Date of Award

Spring 3-6-2018

Document Type


Degree Name

Doctor of Education (EdD)


Organizational Leadership

First Advisor

Linda Williams

Second Advisor

Jalin B. Johnson

Third Advisor

Keith Larick


Purpose: The purpose of this phenomenological study is to explore the lived experiences of former Circle of Friends (CoF) nondisabled peer mentors of students with multiple disabilities to discover how this mentorship program impacted Daniel Goleman’s four dimensions of emotional intelligence.

Methodology: This study employed a qualitative phenomenological design. In qualitative designs, the researcher seeks to welcome the subject’s voice into a chorus that contributes to the summative ballad of the sample. The researcher must seek to be a neutral conduit that captures those voices. Thus, the researcher in this study interviewed 14 former peer friends from the CoF program through semistructured face-to-face interviews to collect the data needed for this study.

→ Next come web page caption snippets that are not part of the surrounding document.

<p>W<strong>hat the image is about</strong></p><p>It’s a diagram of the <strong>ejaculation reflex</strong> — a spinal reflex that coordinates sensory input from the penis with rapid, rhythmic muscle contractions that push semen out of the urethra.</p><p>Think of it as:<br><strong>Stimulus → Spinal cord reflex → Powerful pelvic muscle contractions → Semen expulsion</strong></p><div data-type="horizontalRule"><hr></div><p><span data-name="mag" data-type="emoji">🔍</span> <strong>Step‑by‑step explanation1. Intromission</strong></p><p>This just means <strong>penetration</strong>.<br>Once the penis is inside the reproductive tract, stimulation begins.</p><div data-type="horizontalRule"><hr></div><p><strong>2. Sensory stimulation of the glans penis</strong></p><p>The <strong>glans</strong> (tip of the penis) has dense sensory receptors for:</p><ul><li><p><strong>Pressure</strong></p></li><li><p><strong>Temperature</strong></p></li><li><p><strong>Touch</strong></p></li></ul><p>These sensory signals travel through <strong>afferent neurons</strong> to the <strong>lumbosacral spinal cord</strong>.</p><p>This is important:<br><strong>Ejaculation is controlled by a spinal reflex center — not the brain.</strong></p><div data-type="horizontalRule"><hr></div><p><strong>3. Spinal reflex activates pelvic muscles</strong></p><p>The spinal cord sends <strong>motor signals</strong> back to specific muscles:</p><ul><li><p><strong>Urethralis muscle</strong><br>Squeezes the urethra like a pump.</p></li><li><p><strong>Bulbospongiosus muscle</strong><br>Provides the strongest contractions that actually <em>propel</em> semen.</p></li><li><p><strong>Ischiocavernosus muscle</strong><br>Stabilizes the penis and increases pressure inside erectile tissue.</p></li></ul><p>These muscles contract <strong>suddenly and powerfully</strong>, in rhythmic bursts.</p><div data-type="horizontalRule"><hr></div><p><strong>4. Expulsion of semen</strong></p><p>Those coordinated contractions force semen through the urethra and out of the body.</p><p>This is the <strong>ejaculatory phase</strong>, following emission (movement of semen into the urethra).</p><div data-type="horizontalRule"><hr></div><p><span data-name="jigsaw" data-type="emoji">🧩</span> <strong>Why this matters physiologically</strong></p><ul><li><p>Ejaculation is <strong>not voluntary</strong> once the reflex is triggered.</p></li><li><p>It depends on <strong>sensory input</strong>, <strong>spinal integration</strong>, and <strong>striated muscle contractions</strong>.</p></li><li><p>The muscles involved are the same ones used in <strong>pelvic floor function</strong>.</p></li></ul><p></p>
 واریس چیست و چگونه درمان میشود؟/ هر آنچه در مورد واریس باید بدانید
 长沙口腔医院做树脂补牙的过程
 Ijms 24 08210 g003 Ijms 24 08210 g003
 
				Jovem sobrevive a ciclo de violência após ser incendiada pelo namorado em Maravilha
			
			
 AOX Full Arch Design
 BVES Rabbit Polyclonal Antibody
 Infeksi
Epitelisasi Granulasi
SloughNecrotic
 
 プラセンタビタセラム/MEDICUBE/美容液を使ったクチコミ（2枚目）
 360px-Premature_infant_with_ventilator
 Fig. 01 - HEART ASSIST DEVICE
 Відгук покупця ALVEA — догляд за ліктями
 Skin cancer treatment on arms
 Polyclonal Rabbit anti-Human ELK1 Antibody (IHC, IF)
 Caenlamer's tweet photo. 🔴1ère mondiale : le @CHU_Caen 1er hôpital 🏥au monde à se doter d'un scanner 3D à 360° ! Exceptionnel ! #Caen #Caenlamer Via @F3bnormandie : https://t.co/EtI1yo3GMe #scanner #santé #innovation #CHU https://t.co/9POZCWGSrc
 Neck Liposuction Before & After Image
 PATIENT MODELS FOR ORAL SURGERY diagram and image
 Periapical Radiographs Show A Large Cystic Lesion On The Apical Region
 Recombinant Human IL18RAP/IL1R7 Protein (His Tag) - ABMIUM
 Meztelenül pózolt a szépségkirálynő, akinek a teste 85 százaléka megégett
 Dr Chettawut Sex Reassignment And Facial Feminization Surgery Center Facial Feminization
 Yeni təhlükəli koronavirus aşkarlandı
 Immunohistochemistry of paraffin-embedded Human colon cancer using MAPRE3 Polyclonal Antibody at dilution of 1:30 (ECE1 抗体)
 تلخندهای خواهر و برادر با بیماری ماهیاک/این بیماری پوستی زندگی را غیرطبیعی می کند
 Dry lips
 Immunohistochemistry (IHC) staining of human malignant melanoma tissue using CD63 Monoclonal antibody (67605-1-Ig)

Findings: According to the 14 in-depth semistructured interviews, participants in the CoF program perceived their experience positively affected their acquisition of traits that are in alignment with Daniel Goleman’s tenets of emotional intelligence. Furthermore, study participants reported an overwhelmingly positive experience that allowed them to practice skills that are needed for learning 21st-century skills such as adaptability, leadership, critical thinking, and collaboration.

Conclusions: Students who participate as peer friends in the CoF program will develop and practice self-awareness, self-management, social awareness, and relationship management daily while engaged with their disabled counterparts on school campuses. Brill (1994) found that increased exposure to nondisabled peers increased socialization, decreased suspension, and heightened enthusiasm to participate in class. Likewise, this study documented evidence that nondisabled students participating in a form of service learning increased their emotional intelligence capacity and had positive effects on their life after participation.

Recommendations: Future studies should be conducted to determine if similar programs in schools and college produce similar results for the nondisabled participants. Researchers should use this study to design research to obtain staff perceptions and perspectives on the benefits observed as related to the nondisabled peer friends. Further examination of the link between peer mentorship and emotional intelligence can help businesses and organizations identify more programs that allow participants to practice skills needed in the 21st-century career space.